Si l'enjeu de la réappropriation des édifices cultuels par la population locale commande de l'associer à la réflexion sur les usages envisagés pour garantir le succès du projet, un accord entre le maire et l'affectataire autour des usages possibles est nécessaire. Afin de réduire les tensions éventuelles entre ces deux autorités, il serait opportun d'avoir recours à des conventions-types afin de clarifier leurs relations et de dresser la liste des activités compatibles.

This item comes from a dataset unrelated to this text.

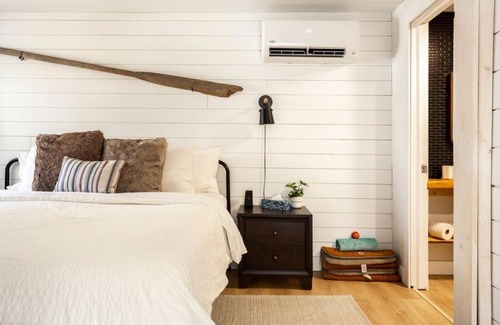 Queens Casa | The Old Kettle Cabin with Hot Tub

Le développement d'usages mixtes ne sera possible qu'à la condition d'un dialogue renforcé entre les élus et les représentants des cultes . La qualité du dialogue entre ces deux autorités sera déterminante pour lever les craintes du culte face à la perspective de cette évolution et permettre aux maires de mieux comprendre les enjeux de l'affectataire. Des efforts restent nécessaires de part et d'autre pour lever la méfiance entre ces deux autorités et accroître leur connaissance mutuelle, les nouveaux élus étant de moins en moins sensibilisés aux questions religieuses sous l'effet de la sécularisation de la société. L'association des maires de France, comme la Conférence des évêques ont un rôle pédagogique à jouer vis-à-vis des élus et des curés (guides pratiques, formations).

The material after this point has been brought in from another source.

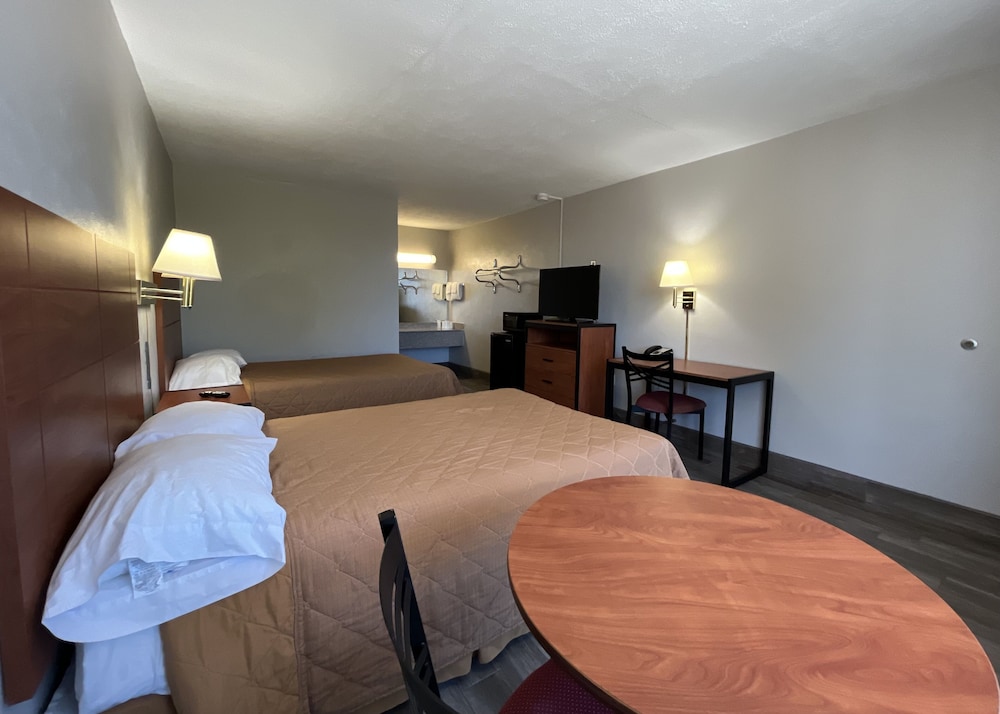 EZ Travel Inn 10/15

Recommandation n° 9 : Favoriser l'usage partagé des édifices cultuels en clarifiant, par des conventions-types, les relations entre le maire, le curé affectataire et le diocèse.

La voie des usages partagés apparaît préférable à celle de la désaffectation .

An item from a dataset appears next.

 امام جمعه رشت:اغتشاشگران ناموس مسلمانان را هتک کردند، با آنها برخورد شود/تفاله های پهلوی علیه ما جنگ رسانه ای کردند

D'une part, elle n'a pas un caractère irréversible comme la désaffectation, qui est définitive, quand bien même un nouveau besoin d'édifices cultuels se ferait de nouveau sentir suite à une recrudescence de la pratique religieuse. L'édifice ne pourrait plus alors bénéficier du régime de l'affectation prévu par la loi de 1905.

D'autre part, les usages partagés permettent d'éviter que l'édifice ne subisse des transformations qui ne respecteraient pas les caractéristiques architecturales de l'édifice et pourraient entraîner la perte de valeur patrimoniale et artistique du bien.

Dans un certain nombre de cas, la désaffectation est néanmoins souhaitée à la fois par le maire, l'affectataire et la population locale, afin d'assurer une renaissance de l'édifice promis à la démolition. La France compte de plus en plus d'exemples réussis d'anciennes églises transformées en bibliothèques, en médiathèques, en musées ou espaces culturels, en épiceries solidaires ou même en refuges pour randonneurs.

Pour la pérennité du patrimoine, il apparaît souhaitable que le bien, une fois désaffecté, demeure dans le patrimoine public de la commune plutôt qu'il ne soit vendu à des personnes privées.

D'une part, il n'est pas possible de faire figurer dans un acte de vente une clause empêchant tel ou tel usage, ou telle ou telle démolition. Le premier propriétaire peut s'engager à respecter certains souhaits, mais les propriétaires suivants ne seront pas liés par cet engagement, dans la mesure où le bien n'est grevé d'aucune servitude.

D'autre part, le maintien de l'édifice dans le patrimoine de la commune est un moyen de préserver le symbole qu'il représente pour la population locale et de lui permettre de conserver l'une de ses vocations originelles, à savoir d'être un lieu de rassemblement pour toute la communauté locale.